En cuanto a la dirigencia, que apostó acertadamente a un proyecto a largo plazo. Que decidió y logró “levantar la vara” y posicionar a Argentinos Juniors varios escalones arriba en todo nivel (aunque en esta nota se hace foco especialmente el futbolístico) no logró subsanar los problemas que se generaron en los diversos mercados de pases, producto de ventas y salidas intempestivas por motivos extra futbolísticos. No caben dudas que el descalabro del mediocampo del año pasado y la ausencia de un stopper por derecha que logre subsanar la salida de Kevin Mac Allister influyeron en los malos resultados que se sucedieron a dichas salidas y que tal vez produjeron que no se llegara más lejos en algún campeonato (por dar algunos ejemplos).

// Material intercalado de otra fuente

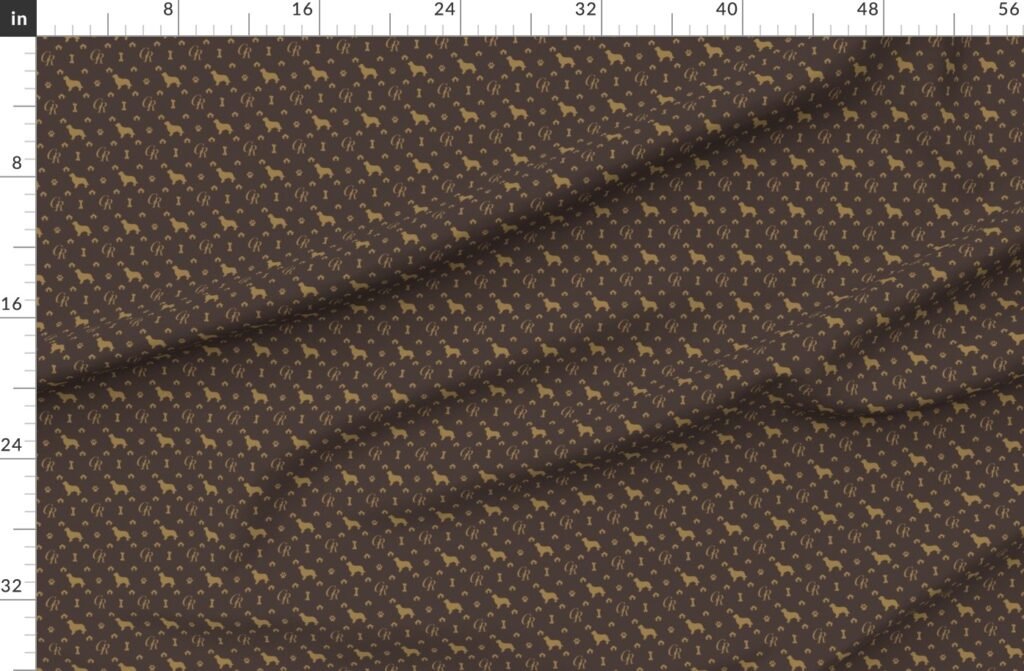 Louis Golden Retrievers Luxury Dog Pattern Fabric design
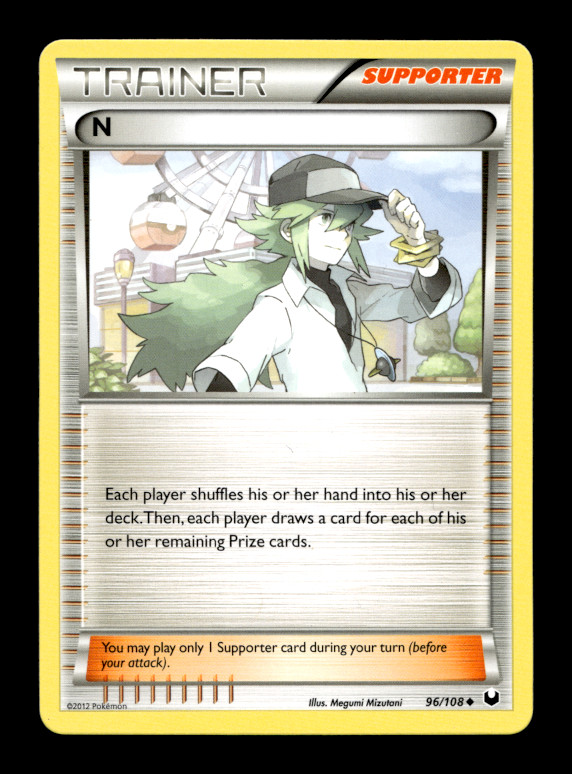 N (Supporter) Uncommon Dark Explorers 96/108 LP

Otra cara de la misma moneda y sin dejar de mencionar la extrema dificultad de estar a cargo de la institución, es la reiterada salida de DT en “buenos momentos”; Gabriel Heinze, Diego Dabove, Alfredo Berti y Gabriel Milito, aunque cada uno con su impronta y por sus razones particulares.
Hubo mil aciertos, pero (anticipando una eventual respuesta) si ante cada crítica la respuesta es un “mirá de dónde veníamos” o bien un “ah pero”, lo cierto es que no queda espacio para la construcción y lo que queda es una sensación de pérdida de humildad. Y si algún legado supo dejar el Bichi Borghi en su trabajo (además de sus estrellas) es el de la humildad como precepto.

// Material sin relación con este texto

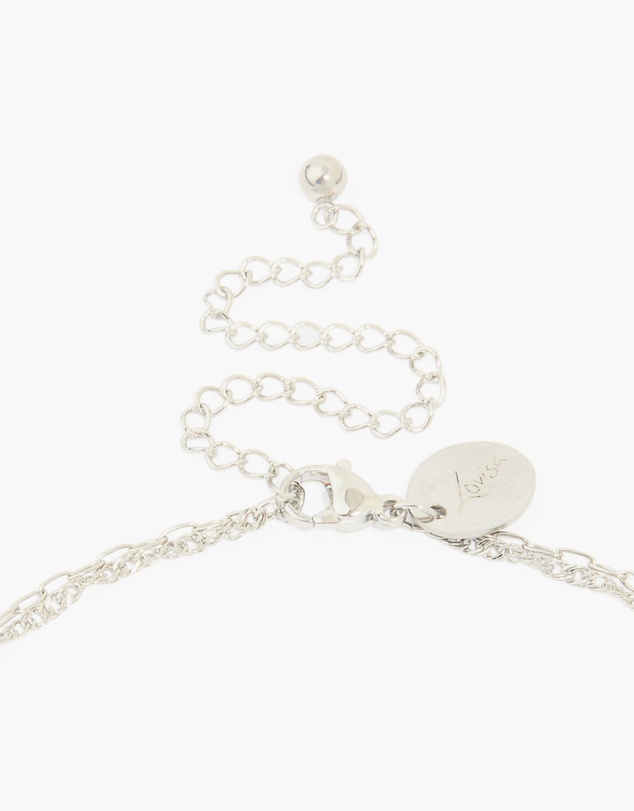 Lovisa - Waterproof Stainless Steel Pearl & Molten Pendant Chain Layered Necklace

Por un lado, pareciera que la posibilidad de una renuncia era un tema conversado anteriormente, la velocidad con la que el club dio por cerrado el ciclo a través de sus redes sociales hace suponer que tal vez, ya se estuviera evaluando una eventual salida y por supuesto, un eventual sucesor.
Por el otro, si el DT siente que su equipo no le responde no hay demasiadas opciones; o se va el equipo o se va él. En este sentido, el cambio de aire más que una necesidad, era una única opción.
En definitiva, Milito le cambió (para bien) la mentalidad a Argentinos Juniors, ahora el Bicho no es más un equipo que se conforma con no descender, ahora la vara está en, como mínimo, clasificar siempre a Copas Internacionales, de ahí, para arriba.
La continuidad de este proyecto depende exclusivamente de las decisiones que se tomen en lo inmediato.
Argentinos Juniors es muchísimo más que un DT y que un jugador, se llame como se llame. El Bicho es y debe ser lo primero, lo segundo y lo tercero en orden de importancia.
Ningún DT, ni ningún jugador que defienda nuestros colores prevalecerán sobre La Paternal. Jugadores y directores técnicos históricos han nutrido y han hecho más grande al club a lo largo de su historia, pero sin Argentinos, no hay Semillero del Mundo.
El domingo el Bicho se enfrentará a Atlético de Tucumán, con el mismo plantel que hace menos de un mes le hacía frente al Fluminense y derrotaba categóricamente al campeón local. El Diego Armando Maradona nuevamente estará lleno de hinchas que volverán a alentar los colores y que sin dudas, aún dolidos, saben que se puede seguir soñando.
Se fue Milito y eventualmente se irán los jugadores y dirigentes. Les estaremos agradecidos y seguramente ese agradecimiento será recíproco. Pero que quede claro, Argentinos es más grande que todos ellos juntos.